Montessori is centered on establishing independence, self-esteem, and confidence while fostering learning at a child’s own pace.
This self-paced education is accomplished by changing the role of adults in the classroom from teachers of a whole class into that of “guides,” as they are often called, for the students as individuals. According to the American Montessori Society, guides have four principle goals, which encompass what the Montessori method hopes to achieve. The guide strives to :
- awaken your child’s spirit and imagination
- to encourage his normal desire for independence and high sense of self-esteem
- help him develop the kindness, courtesy, and self-discipline that will allow him to become a full member of society
- help him learn how to observe, question, and explore ideas independently
The guide may introduce a lesson to the class as a whole, but will then focus on working with students in small groups as they investigate topics on their own in a carefully prepared classroom environment. This individualized attention means children with special needs — whether they are gifted or delayed — often do well in a Montessori environment.

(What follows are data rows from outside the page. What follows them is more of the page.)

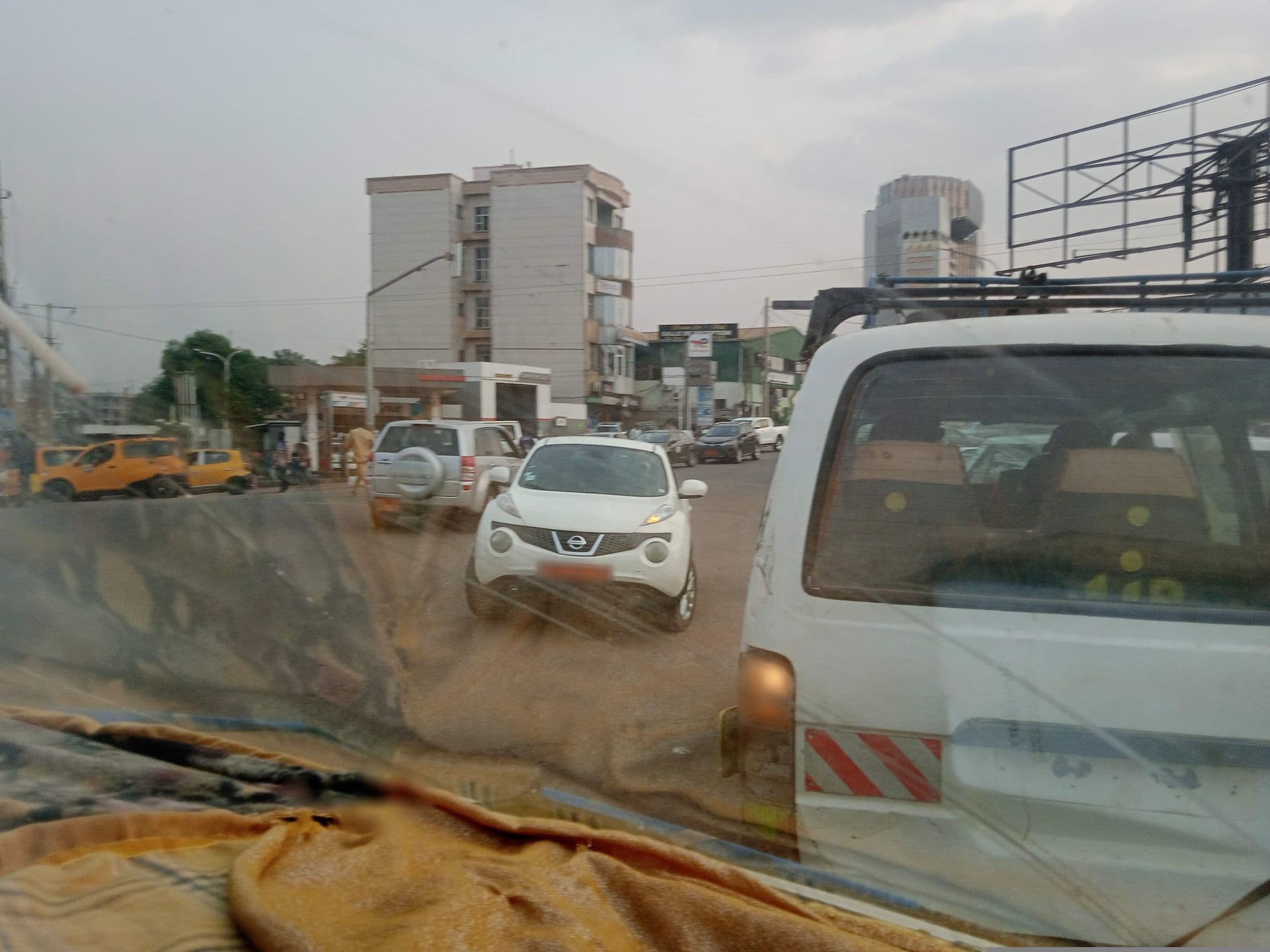 Street view near Hotel Le Paradis Ngousso, Yaoundé — © ArnoldNkwabong (CC BY-SA · Mapillary)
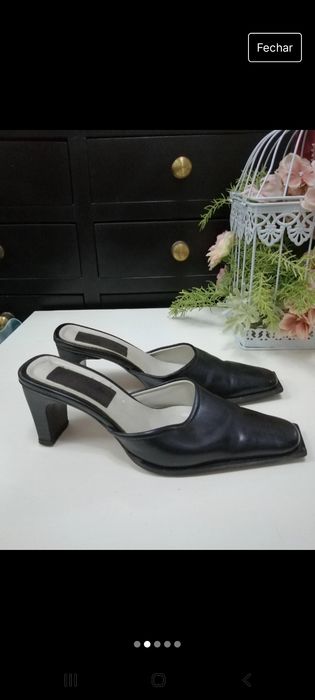 Mules pretos em pele
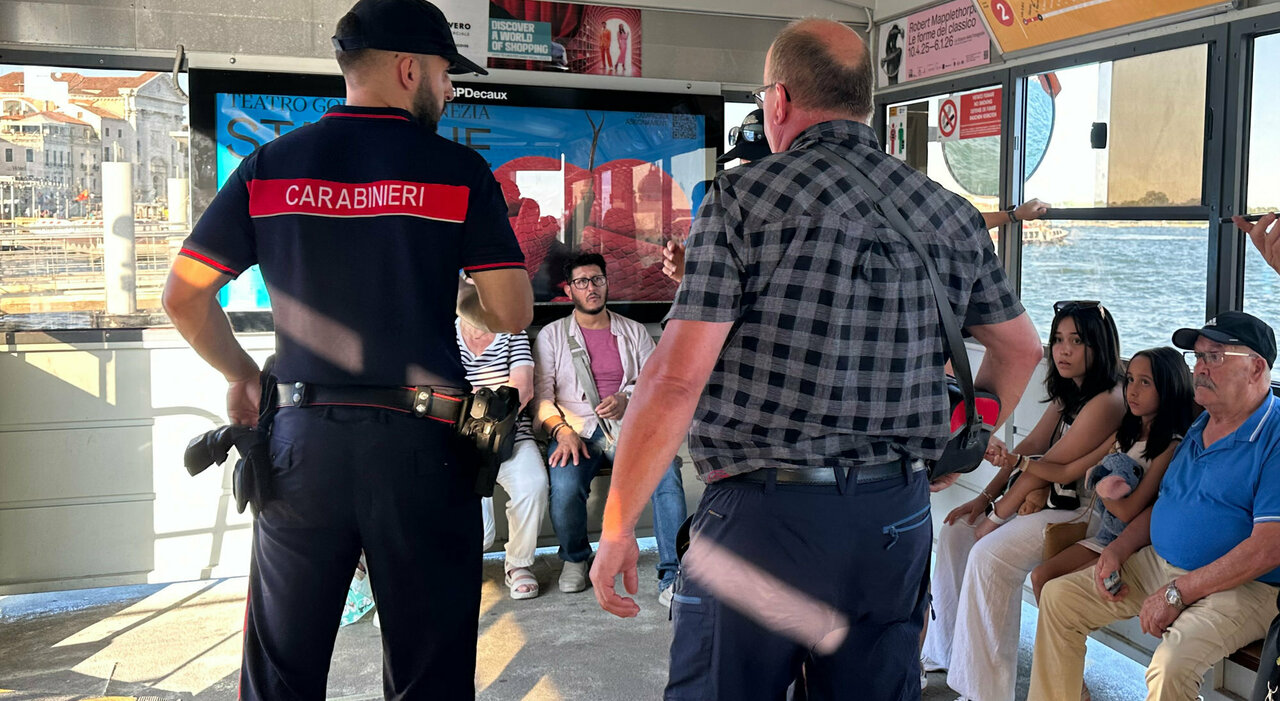 Picchiato in pontile: «È lui il borseggiatore». Turista spagnolo alleggerito del portafoglio aveva indicato il sospetto e lo aveva messo all?angolo aiutato dai gondolieri Picchiato in pontile: «È lui il borseggiatore». Turista spagnolo alleggerito del portafoglio aveva indicato il sospetto e lo aveva messo all?angolo aiutato dai gondolieri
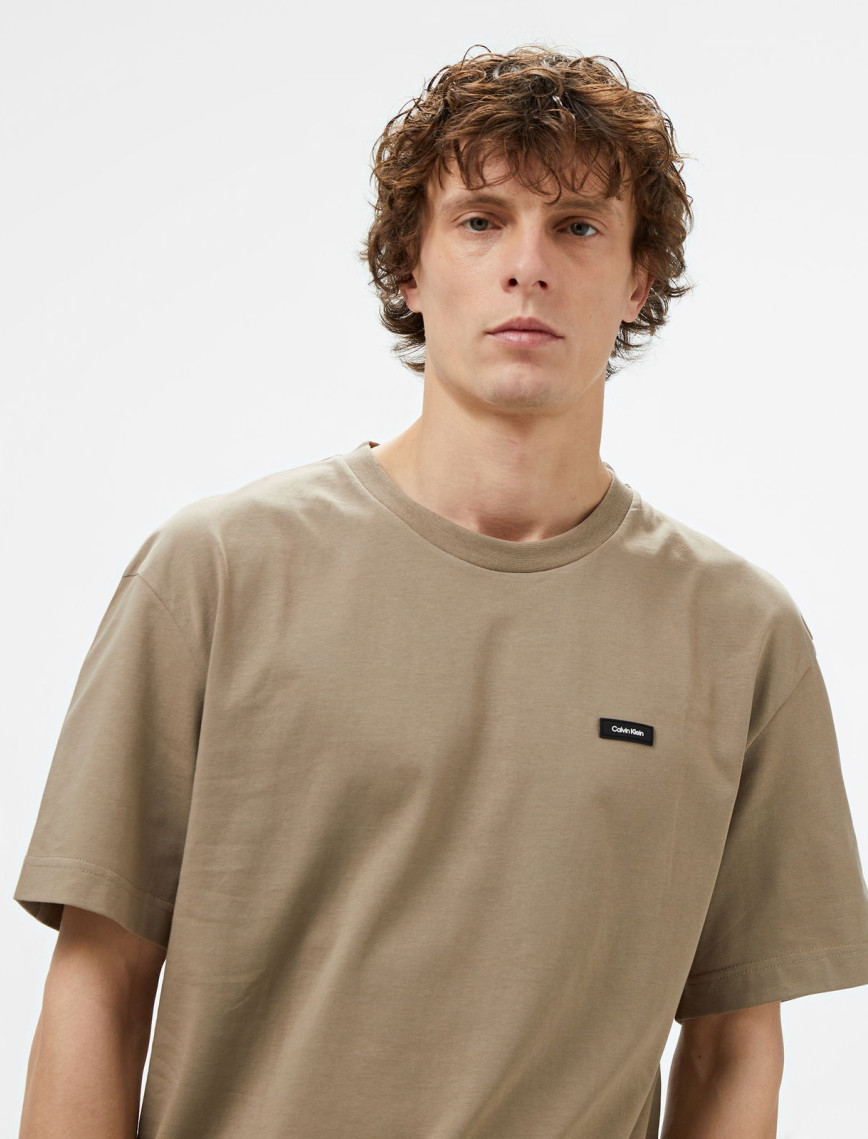 Calvin Klein Cotton Comfort Fit Erkek Bej T-Shirt Calvin Klein Cotton Comfort Fit Erkek Bej T-Shirt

This environment is another trademark of a Montessori program. With so much emphasis on individual and small-group exploration, the room itself is kept bright, warm, and inviting. It will often contain many learning centers that allow a child to focus on what they are most interested in, while being shown through gentle encouragement that they should not be afraid of trying new things either. These centers are filled with objects that cater to what preschoolers are most responsive to — highly tactile, very hands-on learning materials that teach through manipulation.
The sense that they are in charge of this environment also fosters feelings of responsibility and accountability in the children, another focus of the Montessori approach. Studies have shown that a feeling of ownership contributes to better care of belongings. Visitors to Montessori classrooms are often amazed to see children working together to clean up centers after they are done experimenting and learning in them, feeding the animals they are helping raise, even watering plants and tending to small gardens in some instances.
This in turn helps create a mentality of cooperation, instead of competition, among the children. To further this cooperative spirit, Montessori classrooms are divided into three-year sections, which allow children to get to know their teachers and one another better. Older children are encouraged to help the younger children in their explorations, teaching compassion and instilling the lesson that there is no shame in needing help in life all at once.